David Beckham is on the cover of Men's Health this month. Why is a soccer player wearing a suit in a boxing ring? I don't know. Maybe he was filming on the set of Cinderella Man Too: White British Boxers Also Fought During the Depression. "Call me funny names, will ya? Right, then! Le's take this outside, we will! C'mon, up with yer dukes, guvna!"
As Kickette notes, Beckham is the first dude on the cover of Men's Health to not be shirtless and flexing rock-hard abs since… well, pretty much ever. It has to be a bittersweet moment for all the gay men that have always hoped Becks would make the cover. I know it is for me.
In unrelated Beckham news, ol' Goldenballs was named Athlete of the Year at the Teen Choice Awards, proving for the 300 billionth consecutive time why teenagers should never be allowed to vote for anything ever. Fucking idiots. They'd elect MTV president if they could.


Are you having a bully day, homo?
They'd elect MTV president…and 'The Hills' Secretary of Labor
He's gone steampunk!
interestingly, "men's health" in chinese, translates roughly to "cosmo for dudes"
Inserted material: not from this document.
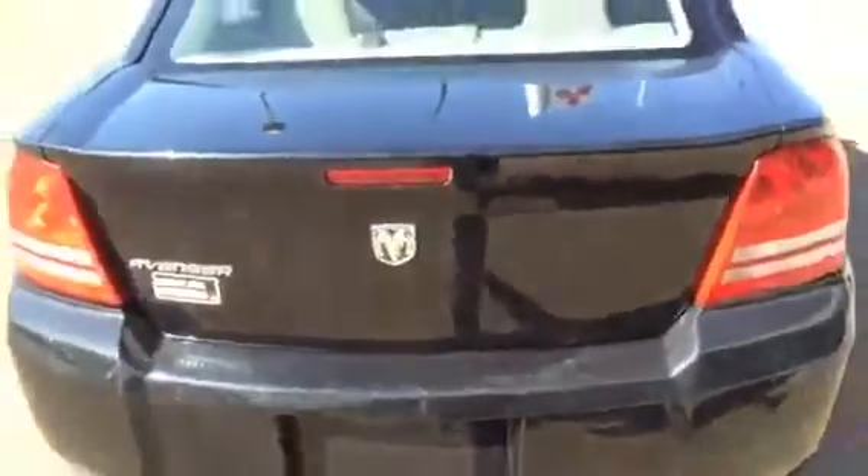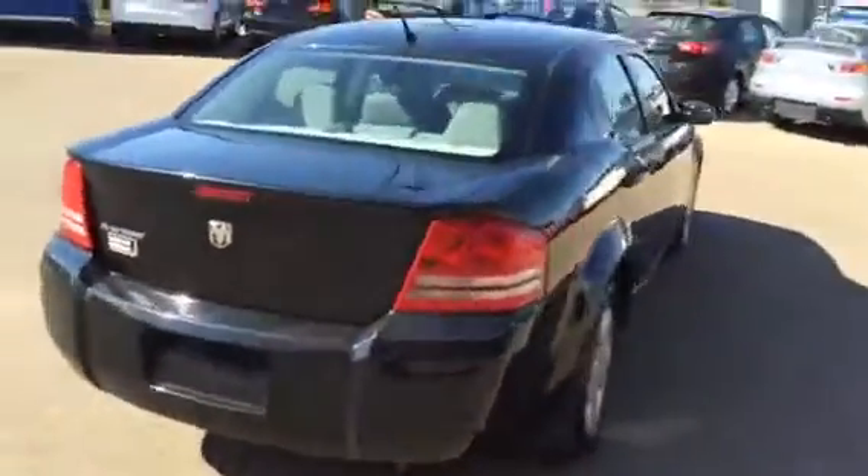Coming outside, the trunk release is right here. Looking in the back, it's very spacious with a beautiful cloth interior and lots of room. We do have power windows at the back also. It is a 60-40 split too, so if you do need more room for the trunk, you can put the seats down. With most Dodge and Chrysler products, there's lots and lots of space in the trunk — never been an issue with them.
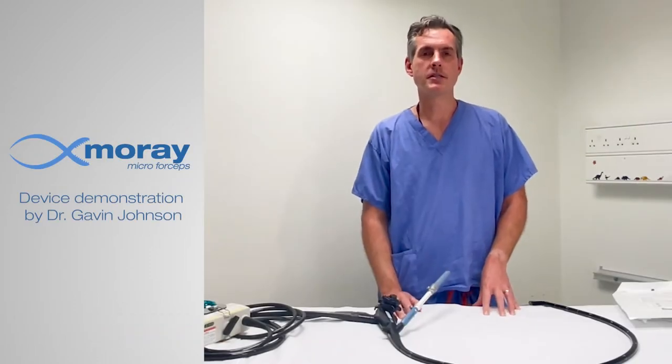Hi, my name is Gavin Johnson. I'm a consultant at University College London Hospitals where we have a busy and thriving tertiary referral unit for ERCP, and I'm delighted to be invited by Steris to demonstrate some of their devices for tissue acquisition this afternoon.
Freshen your drink, Gov'na?
*gets out old timey microphone* The year was 1928, little Jimmy Delagotti had just had his first hamburger. After bitch slapping his Mother he made the Big Mac
One of my buddies has "Men's Health" in his bathroom. So every time I take a shit, I have this shirtless muscle guy staring at me. Its creepy. So now I crap in his backyard.
I don't know what to make of his sexuality. On the one hand, his posture says "Come sit on my lap, buddy boy"; on the other hand, his hat says "I'm covering up my bald gay head".
I guess I DO know what to make of his sexuality, come to think of it.
Is there anything manlier than sitting in a boxing ring corner with a 3 piece suit plus overcoat, and wearing an old-timey motoring cap?